In such cases, when the vaccine is injected, the immune system jumps into action against the adenovirus and it cannot produce the proteins it has been genetically engineered to create. If these proteins are not synthesised, a person’s immune system will not react against them to give immunity to whichever disease the vaccine is supposed to prevent.
So the person has immunity to the vaccine vector but not to the disease.
As well as being used in vaccines, adenoviruses are also useful vectors for gene therapy, in which therapeutic genes are delivered into the cells of people with genetic defects.
Who is behind the vaccine and how have they tested it?
A team of University of Oxford scientists completed their design for the vaccine after Chinese researchers released details of the coronavirus genetic material online early this year.
The university teamed up with British-Swedish pharmaceutical giant AstraZeneca to develop and distribute the vaccine.
Much of the funding came from the British government, which bought up 100m doses in advance.
Clinical trials involving more than 24,000 people took place in Brazil, South Africa and the UK and manufacturing is taking place in more than 10 countries to ensure, as the university put it in November, “equitable global distribution”.
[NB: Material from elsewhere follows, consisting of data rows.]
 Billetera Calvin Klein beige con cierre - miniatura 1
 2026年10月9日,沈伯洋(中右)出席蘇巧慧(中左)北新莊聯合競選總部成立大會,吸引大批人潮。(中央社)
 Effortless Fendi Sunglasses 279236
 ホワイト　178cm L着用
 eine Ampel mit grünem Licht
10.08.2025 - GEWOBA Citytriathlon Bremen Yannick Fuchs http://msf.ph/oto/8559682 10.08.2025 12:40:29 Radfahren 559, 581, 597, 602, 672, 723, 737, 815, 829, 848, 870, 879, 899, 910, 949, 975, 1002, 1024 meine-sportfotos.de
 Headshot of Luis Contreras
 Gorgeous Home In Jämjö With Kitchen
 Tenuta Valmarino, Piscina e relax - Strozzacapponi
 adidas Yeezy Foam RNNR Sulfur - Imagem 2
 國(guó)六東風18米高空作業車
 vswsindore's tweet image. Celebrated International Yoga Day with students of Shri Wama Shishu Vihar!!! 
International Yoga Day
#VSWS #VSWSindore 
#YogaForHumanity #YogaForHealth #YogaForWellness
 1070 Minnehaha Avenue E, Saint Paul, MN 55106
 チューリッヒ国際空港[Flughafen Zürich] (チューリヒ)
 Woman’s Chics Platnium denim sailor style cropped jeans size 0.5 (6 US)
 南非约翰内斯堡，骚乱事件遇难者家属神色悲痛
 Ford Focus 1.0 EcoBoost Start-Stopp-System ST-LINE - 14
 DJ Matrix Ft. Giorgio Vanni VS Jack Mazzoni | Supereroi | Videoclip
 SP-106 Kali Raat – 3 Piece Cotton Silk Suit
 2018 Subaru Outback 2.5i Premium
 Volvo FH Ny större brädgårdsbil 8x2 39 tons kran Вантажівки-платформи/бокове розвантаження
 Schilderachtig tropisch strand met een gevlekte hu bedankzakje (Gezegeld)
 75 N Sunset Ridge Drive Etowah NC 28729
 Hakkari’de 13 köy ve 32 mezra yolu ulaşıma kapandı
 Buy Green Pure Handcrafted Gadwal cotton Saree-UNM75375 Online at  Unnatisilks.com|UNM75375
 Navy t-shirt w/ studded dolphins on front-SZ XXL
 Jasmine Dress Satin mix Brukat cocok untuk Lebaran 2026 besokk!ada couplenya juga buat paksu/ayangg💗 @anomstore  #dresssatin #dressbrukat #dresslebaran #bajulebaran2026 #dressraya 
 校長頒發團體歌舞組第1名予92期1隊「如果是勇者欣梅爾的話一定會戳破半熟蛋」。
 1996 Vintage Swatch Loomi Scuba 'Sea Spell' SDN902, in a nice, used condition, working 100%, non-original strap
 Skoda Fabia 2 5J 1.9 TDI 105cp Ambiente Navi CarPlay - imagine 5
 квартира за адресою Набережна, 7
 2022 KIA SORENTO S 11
How effective is this 'winning formula'?
In late-stage clinical trials, the vaccine was, overall, 70.4 per cent effective at preventing people falling ill with Covid-19. This figure averages results from two dosing regimens.
With two standard doses, effectiveness was 62.1 per cent. When people were given half a dose, and then a full dose, efficacy was 90 per cent.
In comments to British media published on Sunday, AstraZeneca’s chief executive, Pascal Soriot, said a “winning formula” had been worked out that would achieve results “up there with everybody else" – a possible reference to other vaccines that are as much as 95 per cent effective.
Mr Soriot also indicated the vaccine was completely effective at preventing severe cases of Covid-19.
Scientists not connected with the vaccine programme have suggested that an initial half-dose results in better protection because it reduces adenoviral vector immunity.
What benefits does the vaccine offer?
The vaccine is relatively cheap, costing about £3 (Dh14.7) per dose. Coronavirus vaccines based on messenger RNA, a type of genetic material, such as the Pfizer-BioNTech and Moderna vaccines, are several times more expensive. Another benefit is that it can be stored in a refrigerator and does not require extreme cold temperatures.
“It’s so much easier to store and distribute. Anything you can store at zero and a few degrees above is much easier,” said David Taylor, professor emeritus of pharmaceutical and public health policy at University College London.
In addition, the Oxford-AstraZeneca vaccine is thought to produce fewer allergic reactions than some coronavirus vaccines.
How could it be improved?
Aside from Mr Soriot’s comments that AstraZeneca had found an optimum regimen for the vaccine, this month it was announced that scientists were looking at combining it with Russia’s Sputnik V vaccine to increase efficacy.
The idea is that a person could be given one dose of the Oxford-AstraZeneca vaccine and another dose of one of Sputnik V’s two genetically engineered human adenoviruses.
The Russian Direct Investment Fund, which is behind Sputnik V, said trials would begin by the end of the year.
Using the two vaccines may be better than two doses of the same vaccine because it reduces adenoviral vector immunity.